■ What needs to be done: Although the entries hold pictures, only their words are printed back, exactly as given.
◇ ◇ ◇ ◇ ◇
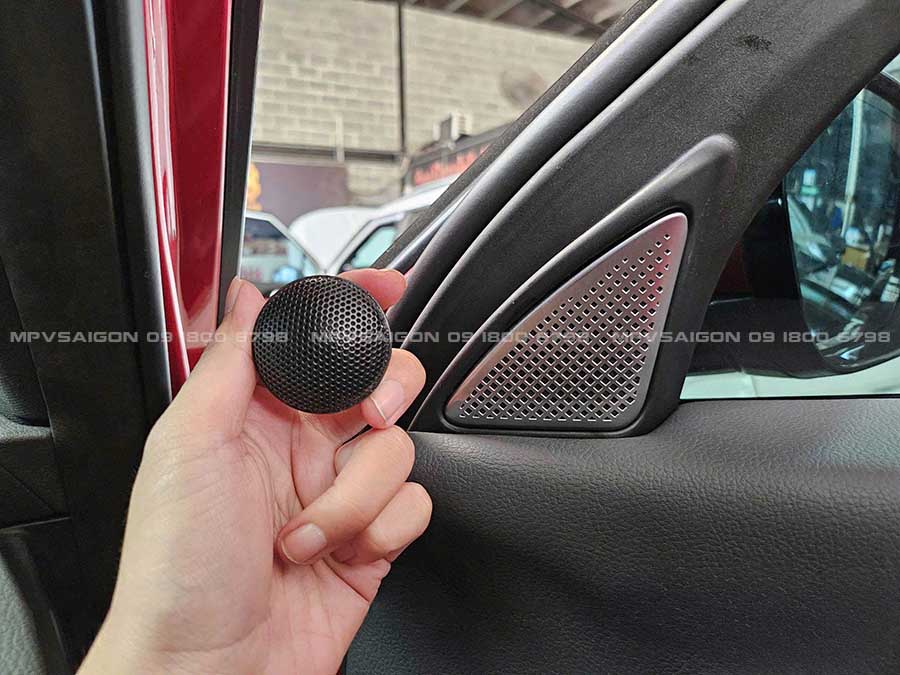 Nâng cấp âm thanh cho Vinfast VF9 với hệ thống Quartorigo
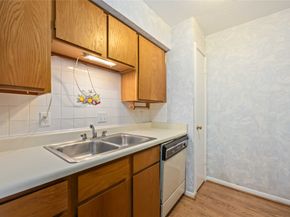 10211 Sugar Branch Drive 436, Houston TX 77036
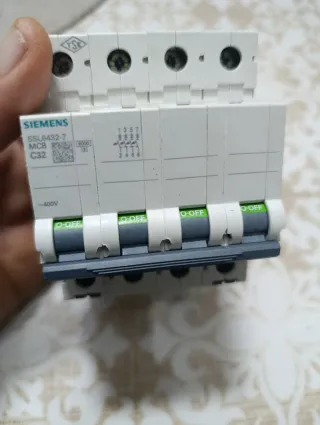 Siemens 5SL6432-7 Interruttor automatico 4poli c32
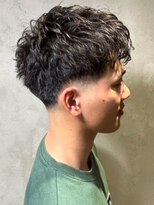 ディスイズバーバーサード(THIS IS BARBER 3rd)&nbsp;メンズショート 刈り上げ ビジネスヘア ニュアンスパーマ 20代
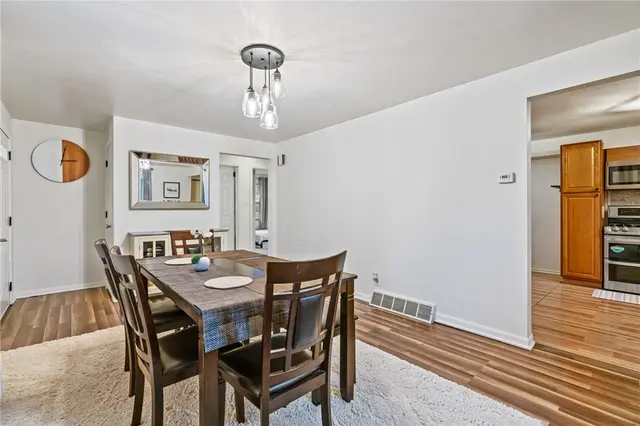 1150 Judy Ann Pl gallery image 22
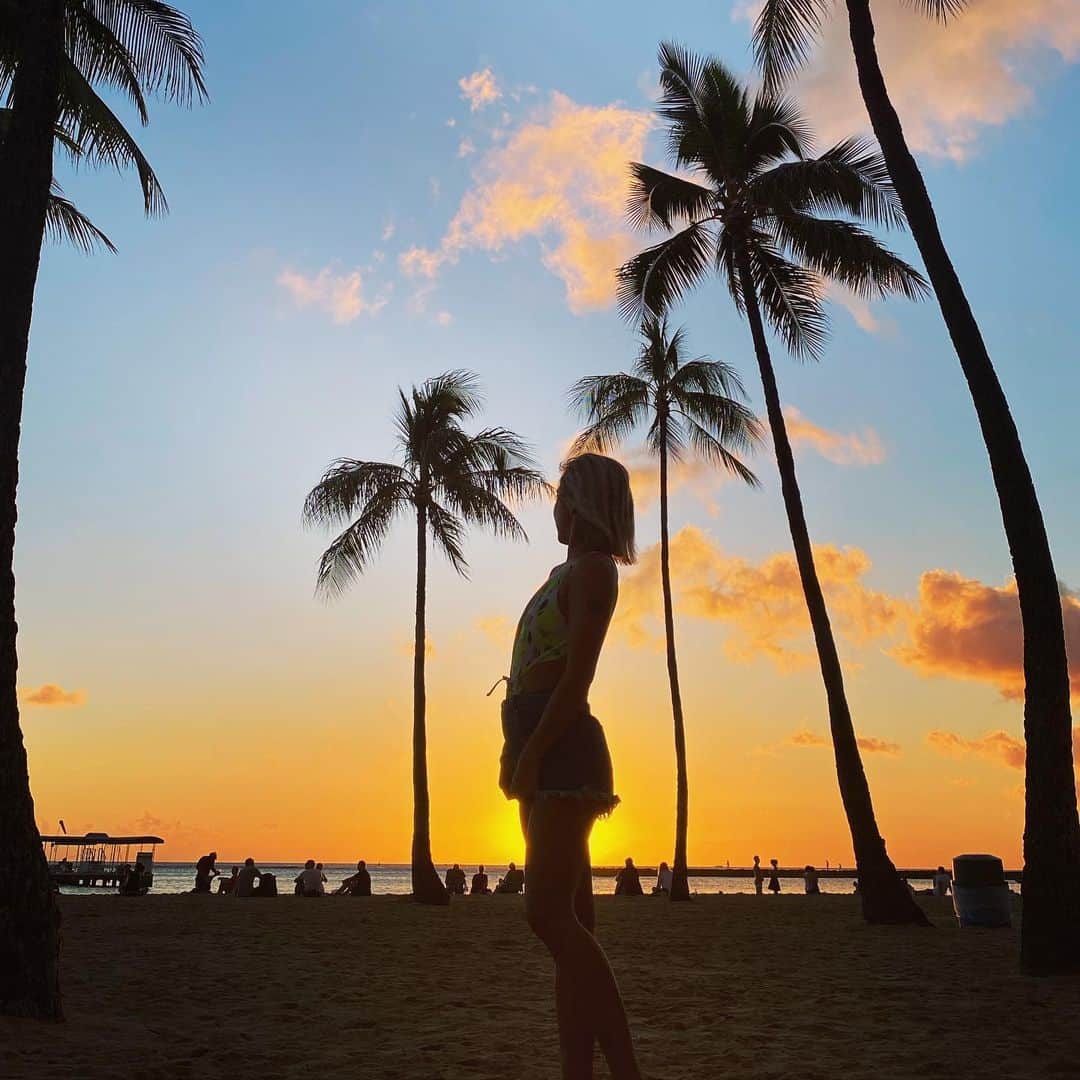 Nazukiさんのインスタグラム写真 - (NazukiInstagram)「2019.12.31. Last day✨✨✨ Hawaiiでは毎日Sunset見ながら、いろんな事振り返ってみてたよ✨✨ #hawaii #hawaiitrip #senset #beach #hawaiilife  #hawaiistagram #lastday #年末　#2019 #最終日  #大晦日」12月31日 11時00分 - nazuki_08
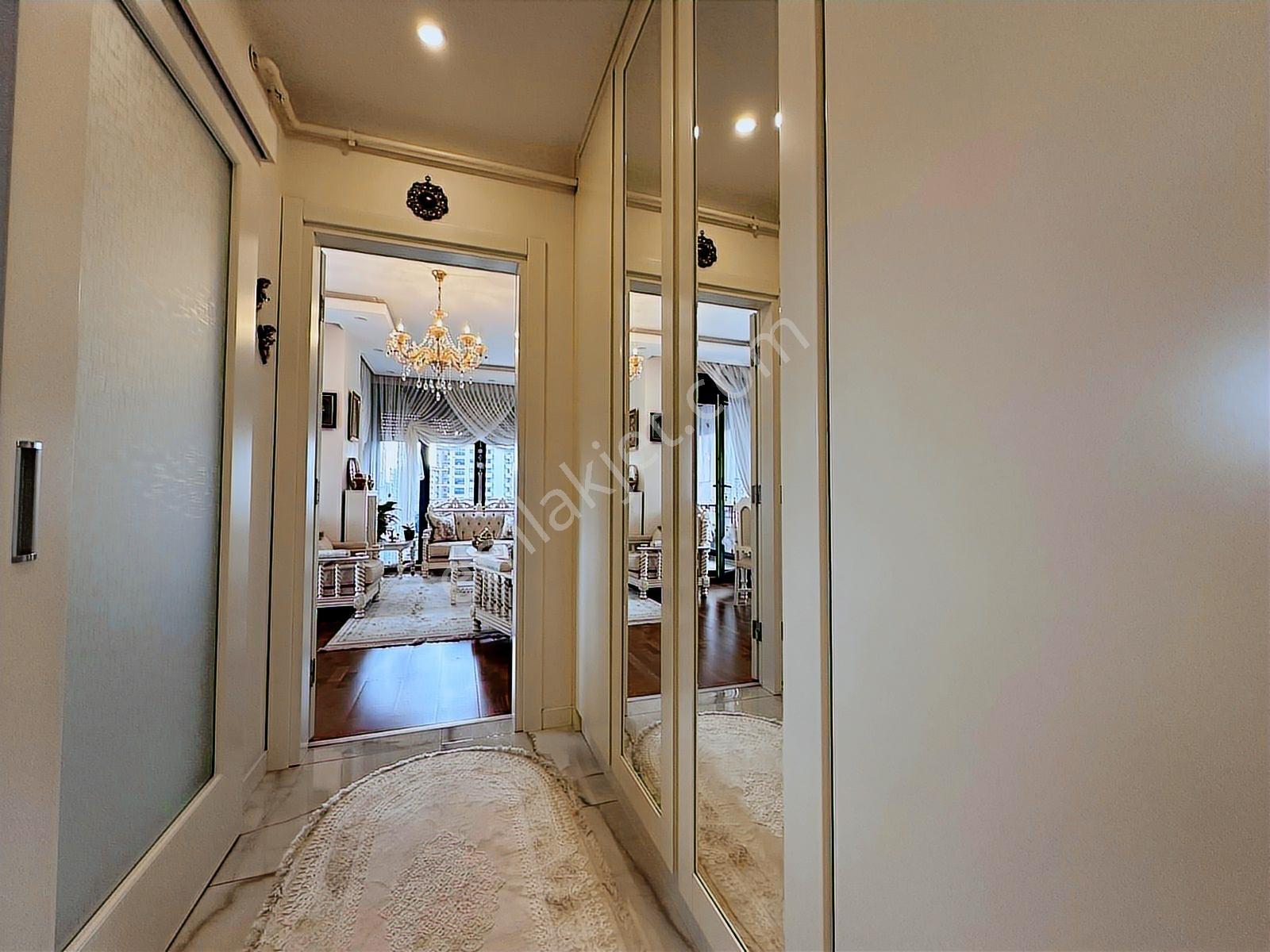 Kozyatağı Central Hospital Civarı Balkonlu Ebev. Banyolu 3+1 - Görsel 26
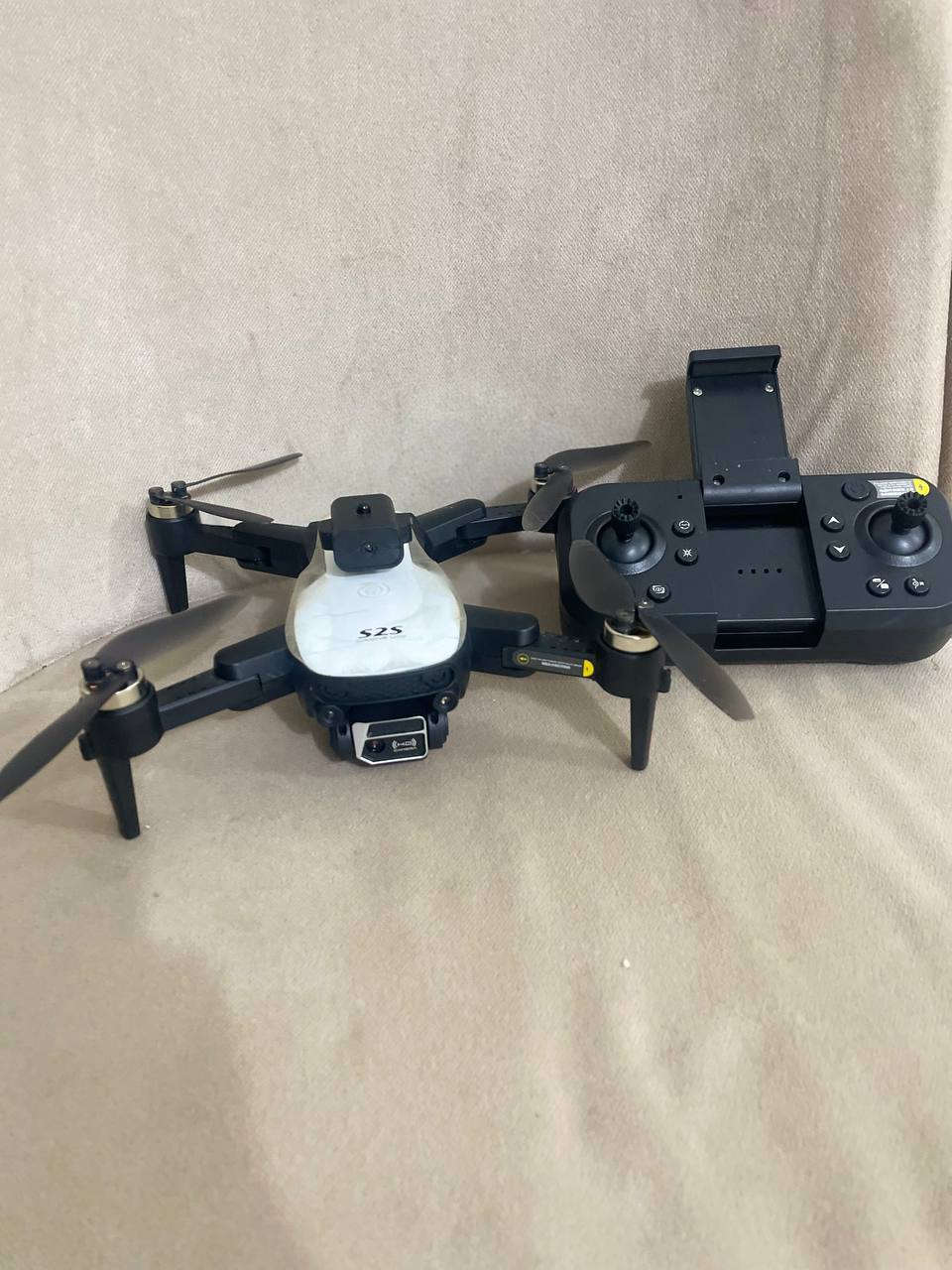 درون s2s
محركات برشلز
الارتفاع 100 
البعد 500 
بطاريه وحده
دبل كامره الدقه HD
بدون ملحقات يعني فقط درون وجوستك
وسعرها مناسب 40 الف توصيل مجاني


**إذا كنت صاحب هذا الإعلان وتريد حذفه لأي سبب، رجاءا أرسل رسالة إلى الدعم الفني**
◇ ◇ ◇ ◇ ◇
■ Completed exercise:
 Nâng cấp âm thanh cho Vinfast VF9 với hệ thống Quartorigo
 10211 Sugar Branch Drive 436, Houston TX 77036
 Siemens 5SL6432-7 Interruttor automatico 4poli c32
 ディスイズバーバーサード(THIS IS BARBER 3rd)&nbsp;メンズショート 刈り上げ ビジネスヘア ニュアンスパーマ 20代
 1150 Judy Ann Pl gallery image 22
 Nazukiさんのインスタグラム写真 - (NazukiInstagram)「2019.12.31. Last day✨✨✨ Hawaiiでは毎日Sunset見ながら、いろんな事振り返ってみてたよ✨✨ #hawaii #hawaiitrip #senset #beach #hawaiilife  #hawaiistagram #lastday #年末　#2019 #最終日  #大晦日」12月31日 11時00分 - nazuki_08
 Kozyatağı Central Hospital Civarı Balkonlu Ebev. Banyolu 3+1 - Görsel 26
 درون s2s
محركات برشلز
الارتفاع 100 
البعد 500 
بطاريه وحده
دبل كامره الدقه HD
بدون ملحقات يعني فقط درون وجوستك
وسعرها مناسب 40 الف توصيل مجاني


**إذا كنت صاحب هذا الإعلان وتريد حذفه لأي سبب، رجاءا أرسل رسالة إلى الدعم الفني**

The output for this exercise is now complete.